13. GOVERNING LAW; CONSENT TO JURISDICTION; WAIVER OF JURY TRIAL.
(a) THIS GUARANTY SHALL BE GOVERNED BY, AND CONSTRUED IN ACCORDANCE WITH, FEDERAL LAW or, if federal law does not apply, the laws of the state of New York applicable to contracts made and performed therein. TO THE EXTENT FEDERAL LAW INCORPORATES STATE LAW, THAT STATE LAW SHALL BE THE LAWS OF THE STATE OF NEW YORK APPLICABLE TO CONTRACTS MADE AND PERFORMED THEREIN.
(b) THE GUARANTOR SUBMITS FOR ITSELF AND IN CONNECTION WITH ITS PROPERTIES, GENERALLY AND UNCONDITIONALLY, TO THE NONEXCLUSIVE JURISDICTION OF THE UNITED STATES FEDERAL COURT LOCATED IN THE CITY OF NEW YORK, BOROUGH OF MANHATTAN, FOR PURPOSES OF ANY LEGAL PROCEEDING ARISING OUT OF OR RELATING TO THIS GUARANTY, THE OTHER BOND DOCUMENTS OR THE TRANSACTIONS CONTEMPLATED HEREBY OR THEREBY. THE GUARANTOR IRREVOCABLY WAIVES, TO THE FULLEST EXTENT PERMITTED BY LAW, ANY OBJECTION WHICH IT MAY NOW OR HEREAFTER HAVE TO THE LAYING OF THE VENUE OF ANY SUCH PROCEEDING BROUGHT IN SUCH A COURT AND ANY CLAIM THAT ANY SUCH PROCEEDING BROUGHT IN SUCH A COURT HAS BEEN BROUGHT IN AN INCONVENIENT FORUM. THE GUARANTOR HEREBY CONSENTS TO PROCESS BEING SERVED IN ANY SUIT, ACTION, OR PROCEEDING WITH RESPECT TO THIS GUARANTY OR ANY OTHER BOND DOCUMENTS OR THE TRANSACTIONS CONTEMPLATED HEREBY OR THEREBY, BY THE MAILING OF A COPY THEREOF, BY REGISTERED OR CERTIFIED MAIL, POSTAGE PREPAID, RETURN RECEIPT REQUESTED, TO ITS RESPECTIVE ADDRESS SPECIFIED AT THE TIME FOR NOTICES UNDER THIS GUARANTY OR TO ANY OTHER ADDRESS OF WHICH IT SHALL HAVE GIVEN WRITTEN NOTICE TO THE FM PARTIES. THE FOREGOING SHALL NOT LIMIT THE ABILITY OF ANY PARTY HERETO TO BRING SUIT IN THE COURTS OF ANY OTHER JURISDICTION.

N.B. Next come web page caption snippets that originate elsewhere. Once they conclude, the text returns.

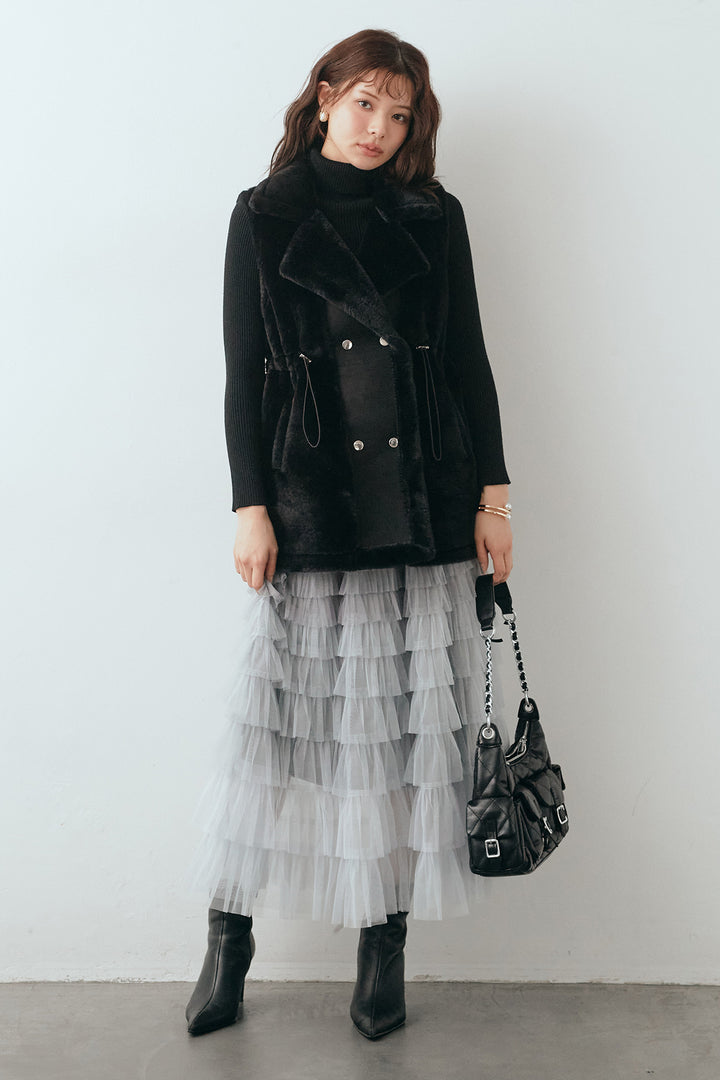 [予約/SET]ベーシックリブタートルニット+テディボアウエストドロストベスト+グラデーションチュールティアードスカート(3set)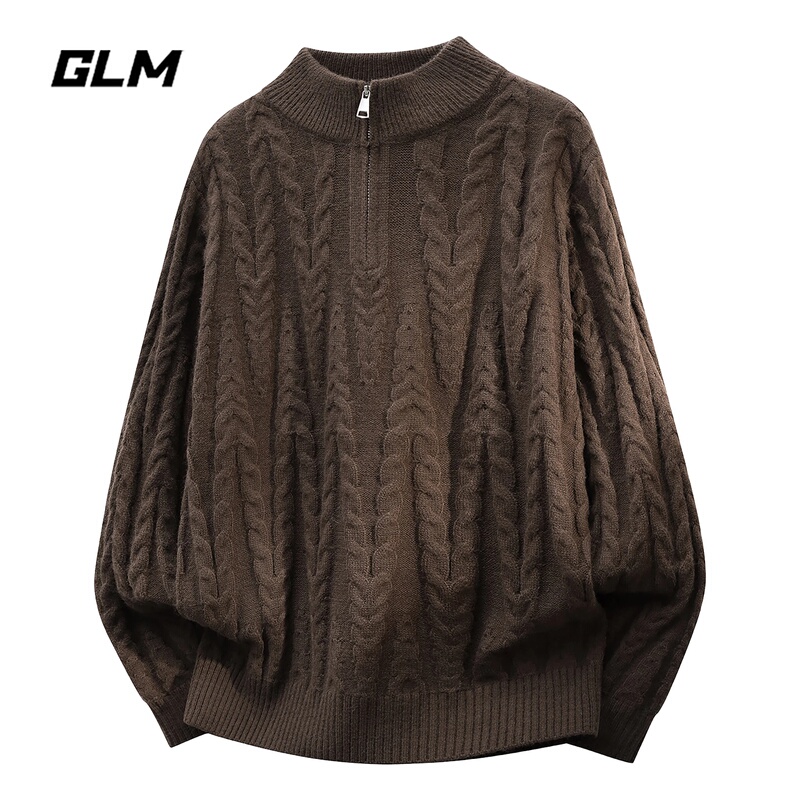 Glm Official Authentic New Style Lazy Half-Zip Cable Knit Sweater for Men, Autumn Loose Knitwear with a High-End Feel Glm Official Authentic New Style Lazy Half-Zip Cable Knit Sweater for Men, Autumn Loose Knitwear with a High-End Feel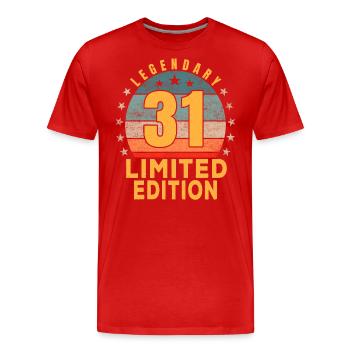 Anniversaire Légendaire 31 Ans Édition Limitée - T-shirt bio Premium Homme - rouge - Devant - Damien (186cm)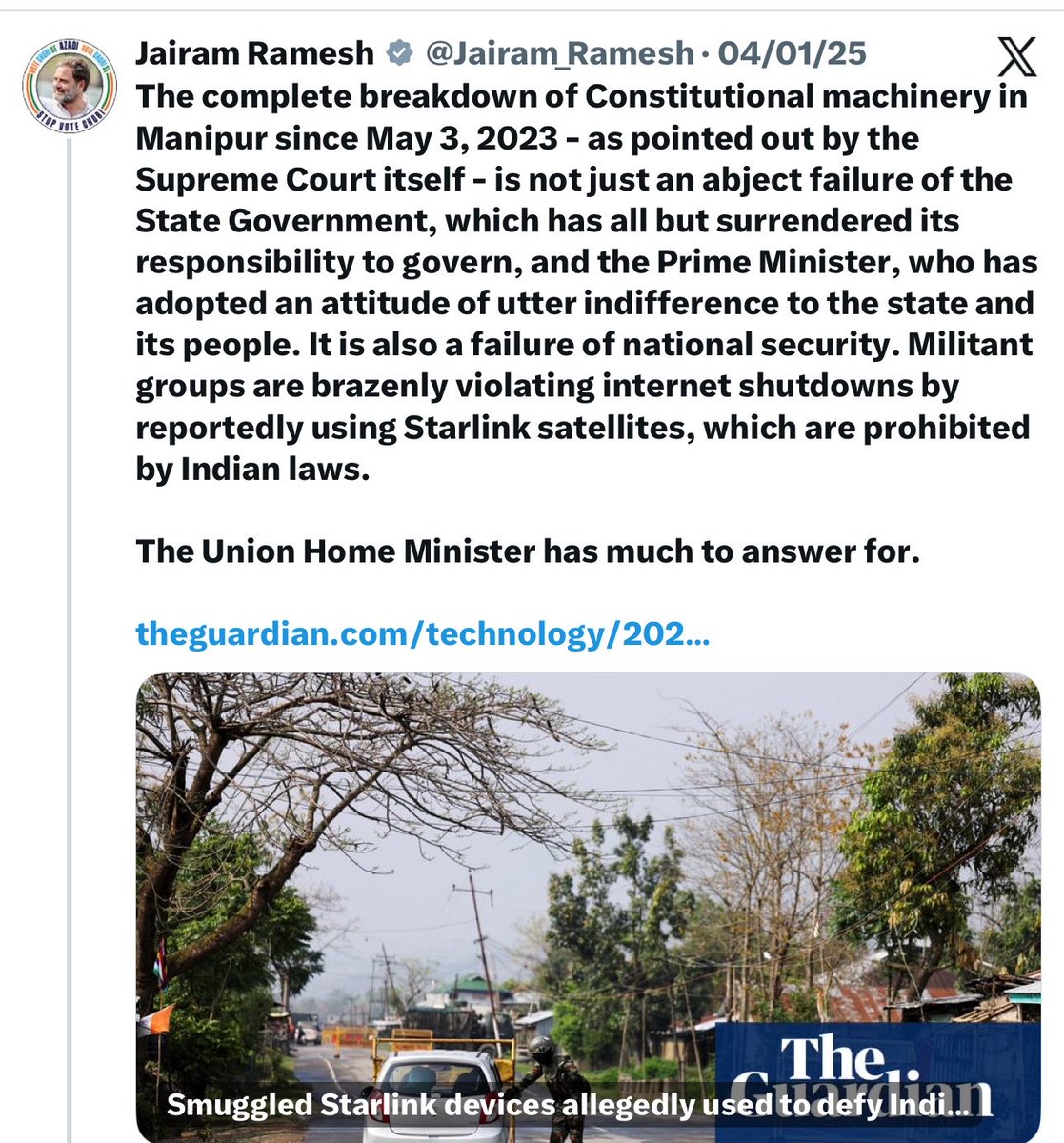 FabulasGuy's tweet photo. @RahulGandhi Congress was against starlink but now supporting it 🤣🤣 https://t.co/rZqjOK2jS2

(c) WAIVER OF JURY TRIAL. EACH PARTY HERETO HEREBY WAIVES, TO THE FULLEST EXTENT PERMITTED BY APPLICABLE LAW, ANY RIGHT IT MAY HAVE TO A TRIAL BY JURY IN ANY LEGAL PROCEEDING DIRECTLY OR INDIRECTLY ARISING OUT OF OR RELATING TO THIS GUARANTY, THE OTHER BOND DOCUMENTS OR THE TRANSACTIONS CONTEMPLATED HEREBY OR THEREBY (WHETHER BASED ON CONTRACT, TORT OR ANY OTHER THEORY). EACH PARTY HERETO (A) CERTIFIES THAT NO REPRESENTATIVE, AGENT OR ATTORNEY OF ANY OTHER PARTY HAS REPRESENTED, EXPRESSLY OR OTHERWISE, THAT SUCH OTHER PARTY WOULD NOT, IN THE EVENT OF LITIGATION, SEEK TO ENFORCE THE FOREGOING WAIVER AND (B) ACKNOWLEDGES THAT IT AND THE OTHER PARTIES HERETO HAVE BEEN INDUCED TO ENTER INTO THIS GUARANTY BY, AMONG OTHER THINGS, THE MUTUAL WAIVERS AND CERTIFICATIONS IN THIS SECTION 13(C).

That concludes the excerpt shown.